Normalmente estão em estado de transição da irrealidade para a realidade, e o que se pode escrever nesse estado pode não representar exatamente o que se quer. E comigo sempre foi assim. Gosto de escrever sobre alguém quando estou no meu estado sereno de avaliação das coisas.
Antes do vovô falecer, antes mesmo de imaginarmos que isso aconteceria, a nossa convivência se tornou diária por quase dois anos. Gravei horas e mais horas de bate-papo com ele. Sentávamos em “cadeiras de área”, como ele dizia, ao lado das pimenteiras e de outros alimentos orgânicos que ele cultivava. Abelhas o visitavam todos os dias no mesmo horário, e ele nunca se incomodava. Muito pelo contrário, comemorava.

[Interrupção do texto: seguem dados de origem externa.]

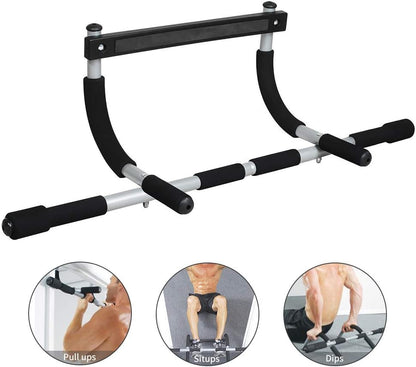 Strong Home Pull Up Bar | Durable Steel Frame, Multi Grip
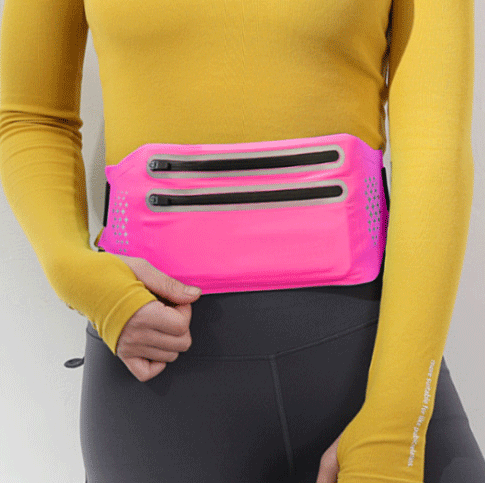 Invisible Phone Bag, Sports Waist Bag for Women Running Waist Belt for Men Multifunctional Equipment Fitness Travel Passport Small Bag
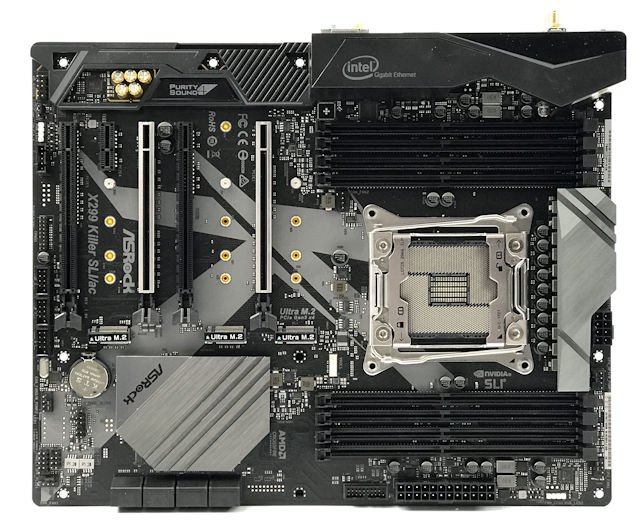 平玩Intel X299平台 ASROCK X299 Killer SLI/ac 主机板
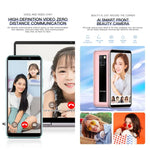 顔認証、3.46インチ Android 9.0 MTK6739CW クアッドコア 最大1.28GHz、デュアルSIM、Bluetooth、WiFi、GPS、ネットワーク：4G、3GB+64GB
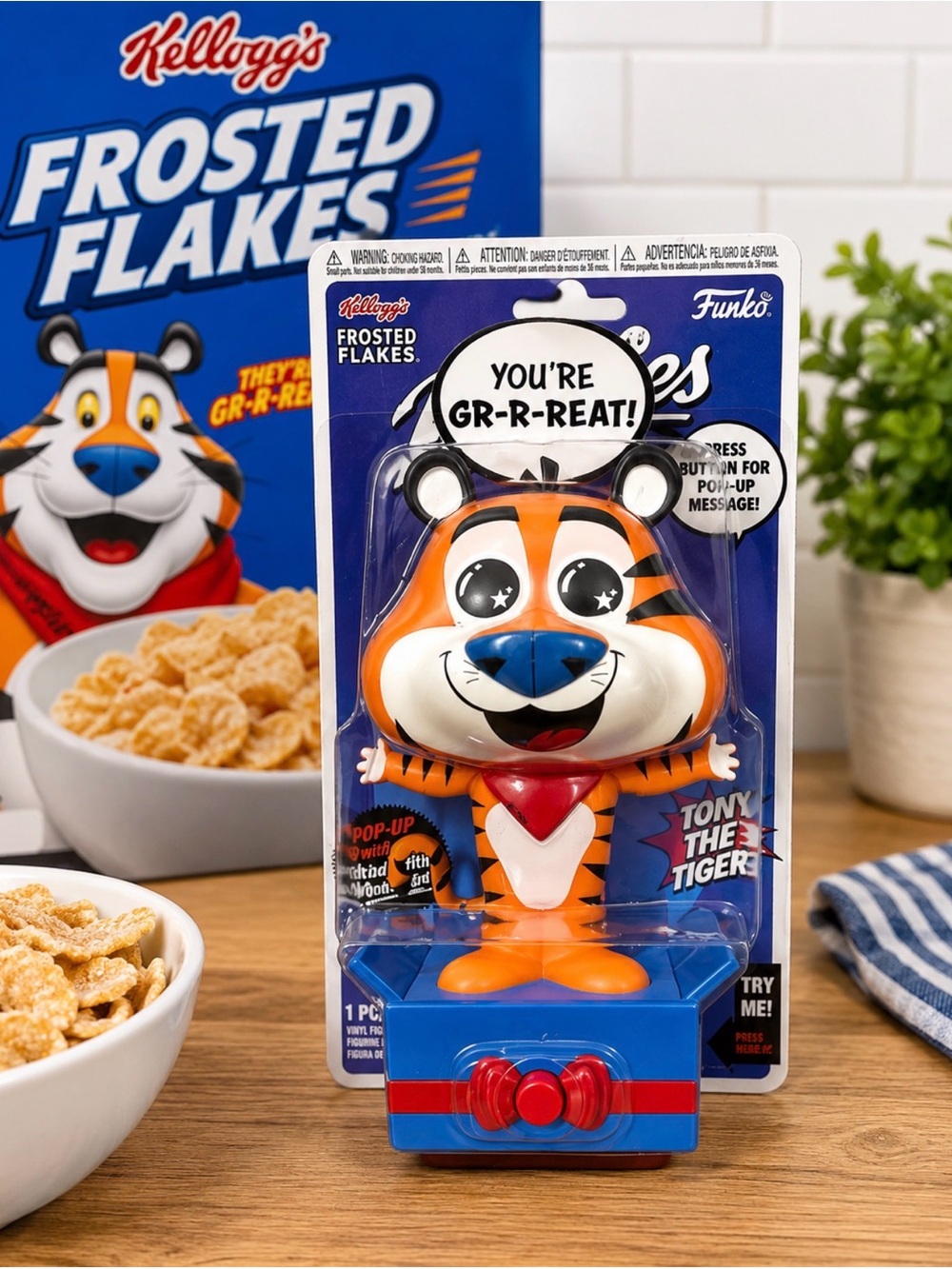 Funko Popsies Tony the Tiger Kellogg’s Frosted Flakes Pop-Up Figure NEW 2021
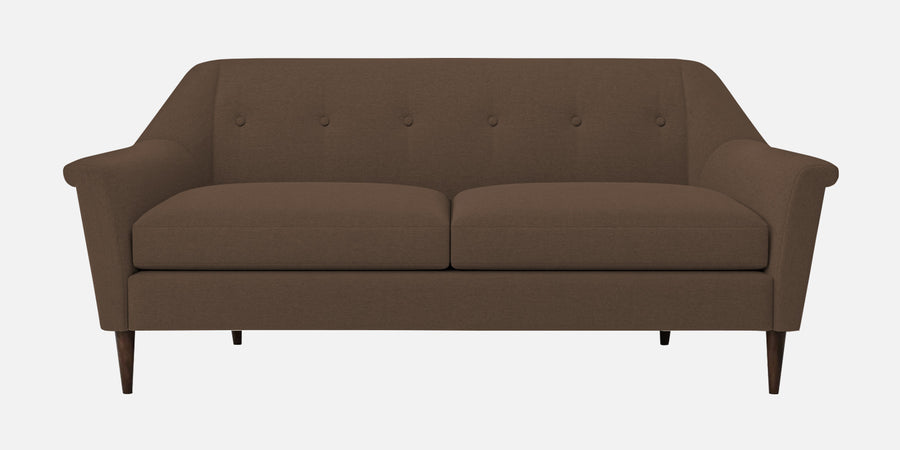 Homer Fabric 3 Seater Sofa In Rosy Brown Colour - Febonic Living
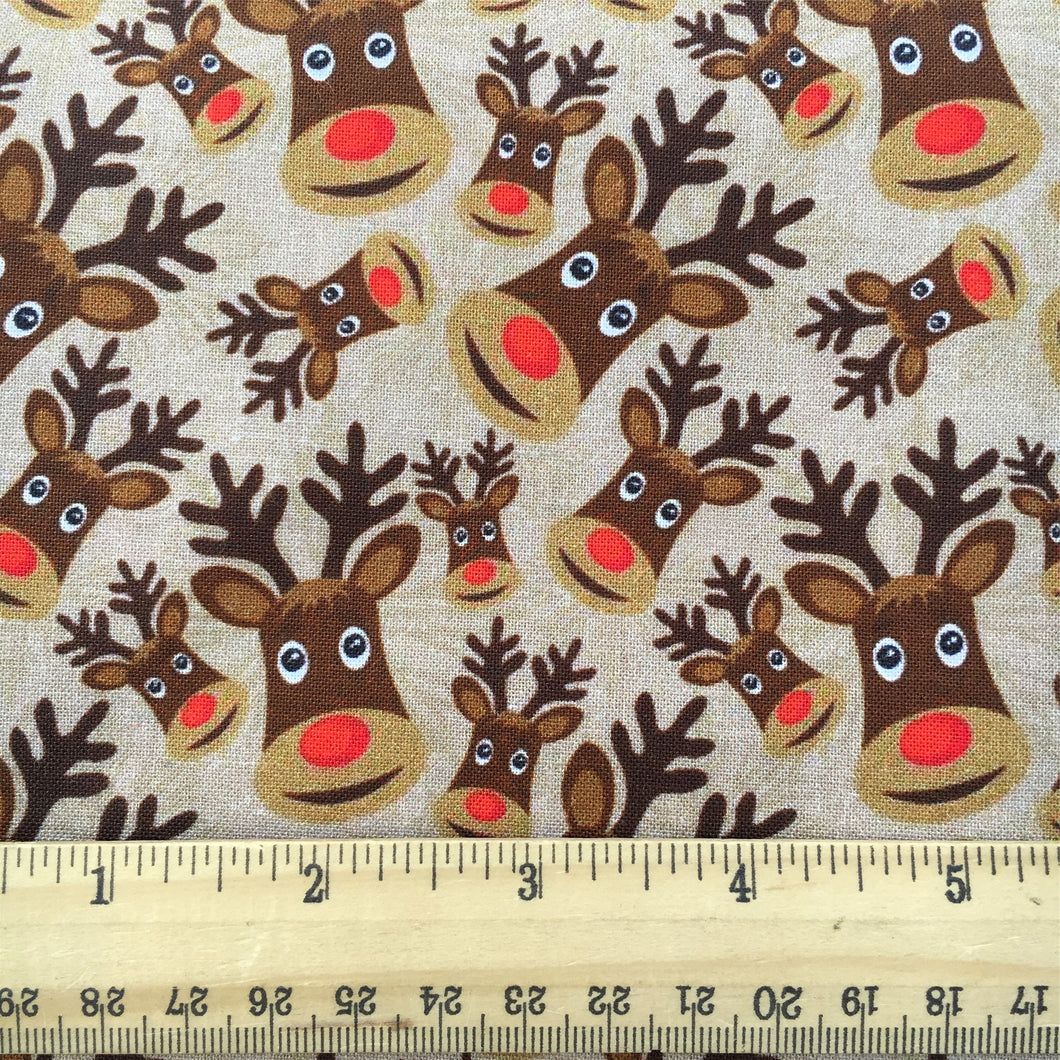 christmas day deer reindeer giraffe printed fabric
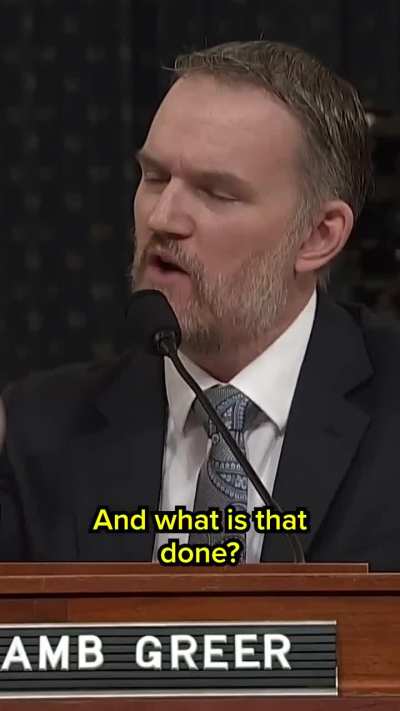 Rep. Horsford (D-Nevada) grills Greer on Trump’s tariffs: “How is this not market manipulation?!” Greer: “We are trying to reset the global trade system.” Hosford: 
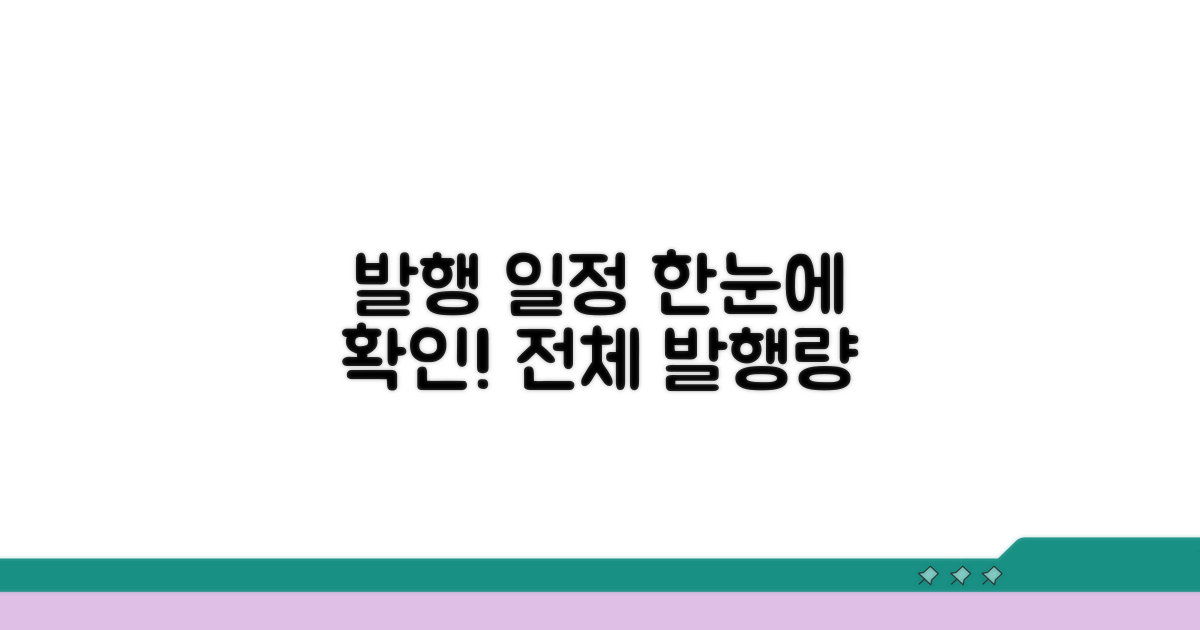 발행량과 일정, 한눈에 보기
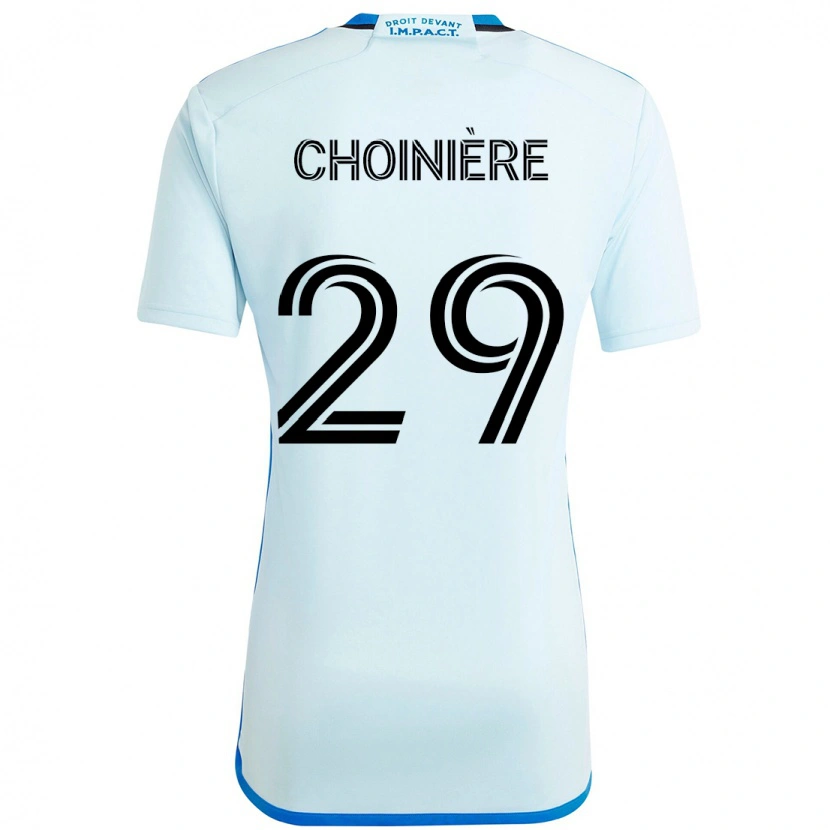 Danxen Damen Mathieu Choinière #29 Himmelblau Dunkelblau Auswärtstrikot Trikot 2025/26 T-Shirt Österreich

Decidi registrar tudo que ele narrava porque isso é importante, porque os idosos são os livros da cultura oral. A matéria do vovô poderia desaparecer, mas não a essência do que ele tinha a oferecer. Ele não era um ser humano perfeito, assim como também não sou, mas foi com ele que aprendi a amar histórias e contá-las.
Ele era uma biblioteca ambulante, um memorialista. Desde a minha infância, devo ter passado milhares de dias sentado ao seu lado ouvindo histórias de um passado remoto, que quase ninguém conhece porque não foi registrado nos livros. Quero dizer, pelo menos até eu decidir conservar suas palavras.
Hoje, digo que o vovô foi o maior contador de histórias que conheci na minha vida, e quando o vi dentro de um caixão, com o corpo gelado e a tez rija, eu já sabia que ele não estava mais lá, mas sim dentro de todos aqueles que resguardaram suas histórias.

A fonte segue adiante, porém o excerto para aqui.